The Writers Guild of America, which has been on strike for over three months, is meeting with the Alliance of Motion Picture and Television Producers (AMPTP) on Friday to potentially discuss next steps. Meanwhile, SAG-AFTRA, the actors’ union that joined the WGA on strike last month, still has not seen any movement toward resuming talks with the AMPTP.
One of the major sticking points is the potential use of artificial intelligence (AI) to replace background actors with digital copies.
Some background actors have already been scanned by productions but remain unaware if or how their likeness is being used, causing concern about their future career prospects.
A background actor based in Atlanta with 30 years of experience in the industry, who wished to remain anonymous, spoke with Fox News Digital and said he had been scanned for three projects for an undisclosed major production company.
He described being ushered into a vehicle with “500 maybe a thousand cameras.” “It was so many cameras around us, it was like a dome, and it’s inside a truck, and it’s mobile, so they can go from production to production,” he explained.

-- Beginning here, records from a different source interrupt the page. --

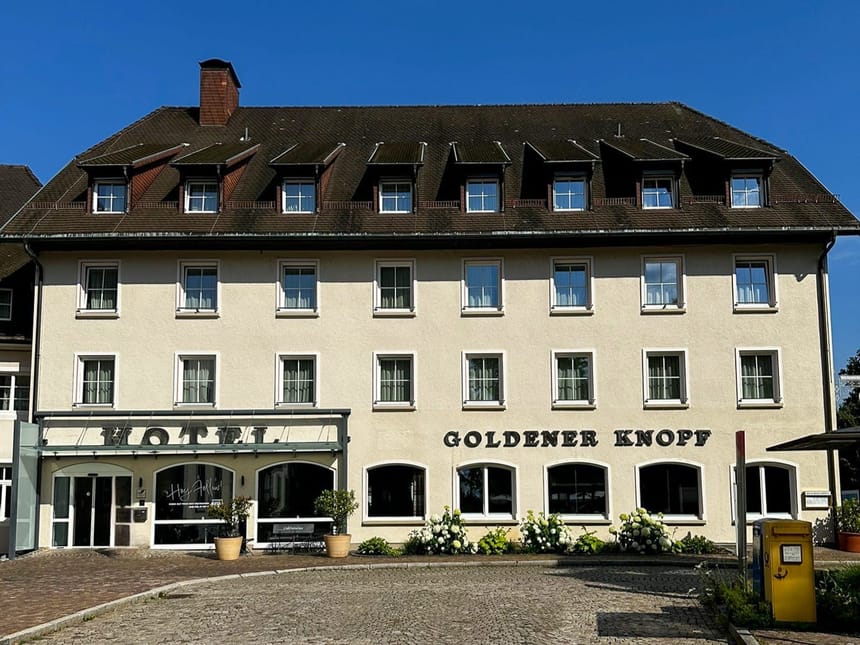 Hotel Goldener Knopf mit klassischer Fassade bei blauem Himmel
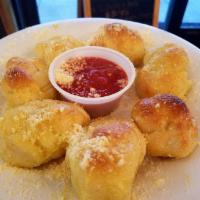 Garlic Knots · Hand knotted dough, baked fresh daily. Topped with a buttery blend garlic & Parmesan cheese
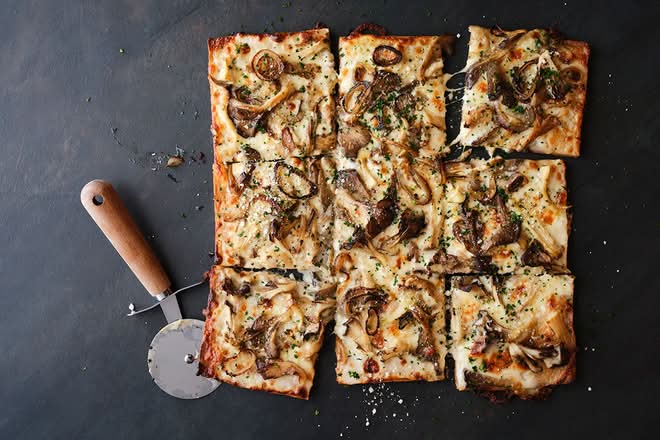 <p>No morels, but loads of fungi's. A white pizza with our garlicky white cheese sauce, a mix of mushrooms (maitakes, trumpet royales, and oyster mushrooms), roasted shallots, fontina cheese and fresh mozzarella.</p><p>Guests can select if they would like it sliced or not sliced</p><p>Modification options: None</p><p>Allergens: Dairy, Garlic</p>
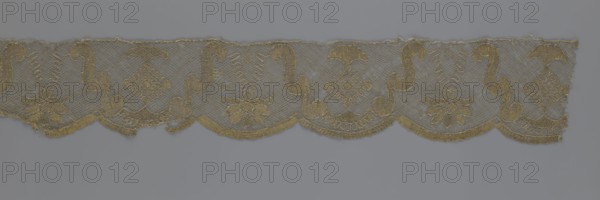 Lace fragment, lace strip finished with flat arched teeth on one side and straight on the other; in the divisions corresponding to the teeth, an alternating flower calyx and a rhombus motif are placed, separated by parenthetical geometric forms. 18th century, France. Materials: lace, fabric. Dimensions: width 17.5 cm, length 308 cm., A horizontal strip of delicate lace with scalloped lower edges and a repeating ornamental pattern featuring curved S-shaped motifs, floral forms, and diamond-like lattice medallions, all rendered in a metallic golden thread against a muted gray background; the lace shows areas of open netting and denser embroidered sections, with fine tonal variations of gold and subtle hints of darker and lighter gray where the background shows through.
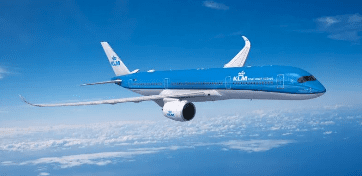 a blue and white airplane flying above clouds
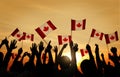 Group of People Waving Canadian Flag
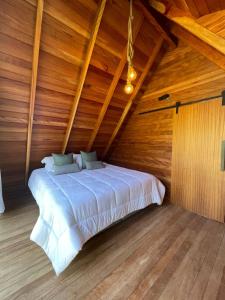 Cama o camas de una habitación en Cabana com jacuzzi Vista Mar Bombinhas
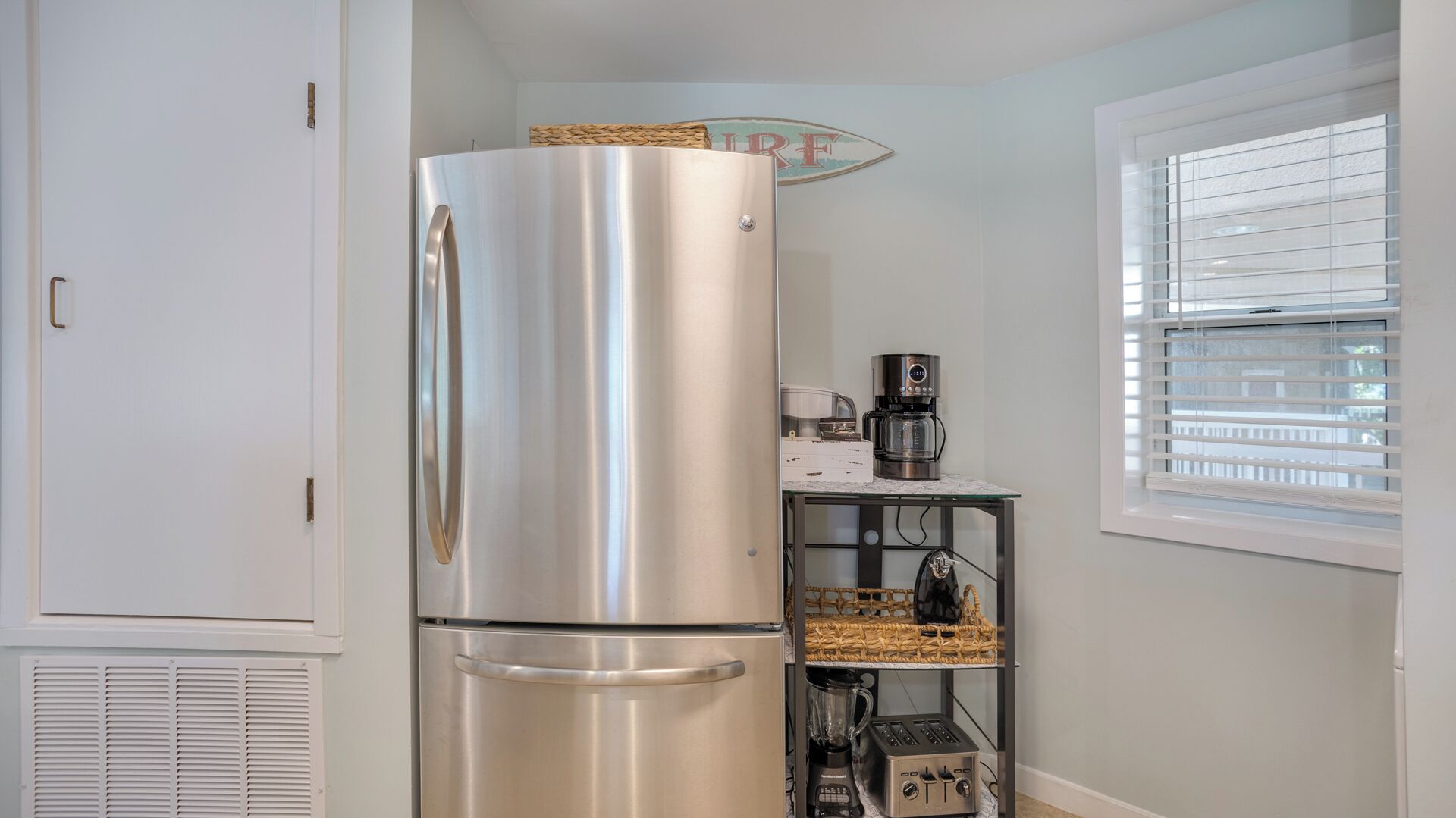 A compact kitchen with a stainless steel refrigerator, a coffee maker, and a toaster on a glass shelf.
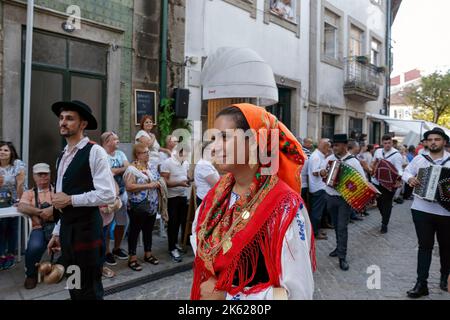 Ponte de Lima - 10. September 2022: Junge Menschen in den traditionellen Kostümen Nordportugals bei der Feiras Novas Festparade. Stockfoto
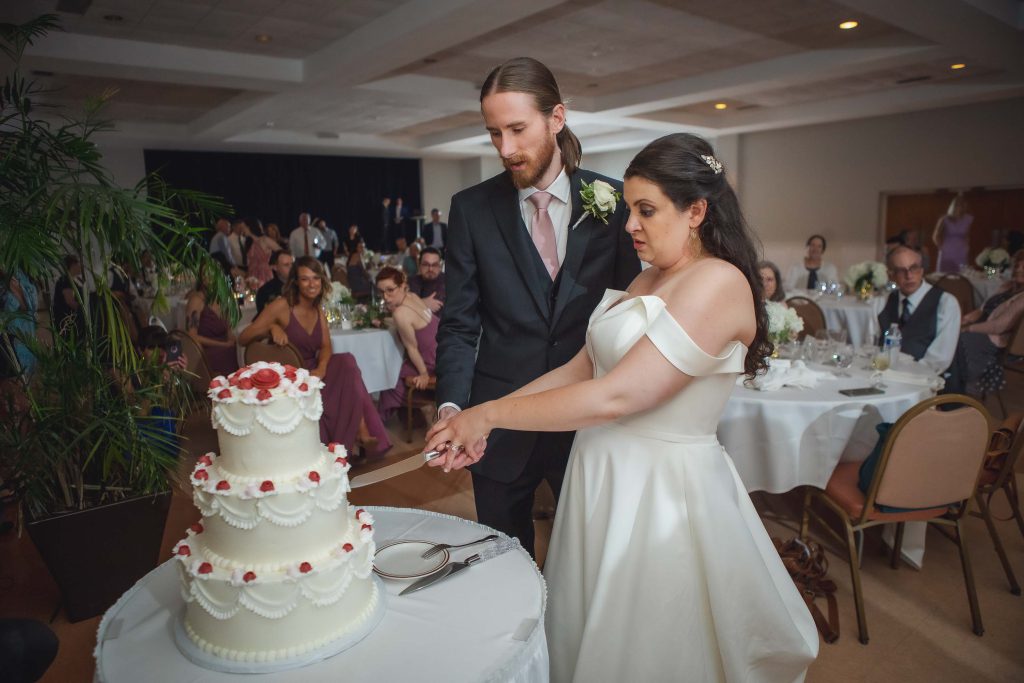 A bride and groom enjoying a wedding reception cake-cutting tradition.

“It’s pretty crazy with all the lights, they had us in poses from every angle you can imagine … it’s very extensive,” he continued, adding the process took approximately 15 minutes and required him to perform various poses and facial expressions.
“They told us, and I don’t necessarily believe them, but they told us that it was only for this purpose, this movie that you’re working on,” he said.
He speculated, “They could use our images without us getting paid….my digital version of me could be out working without me and taking my job.”
According to him, no additional paperwork was signed, nor was he informed what exactly the body and facial scan was going to be used for by the production.
He also stated that “they didn’t give us a choice” when it came to being scanned, claiming that if they were not working at that moment on set, they were referred to the vehicle for the scan.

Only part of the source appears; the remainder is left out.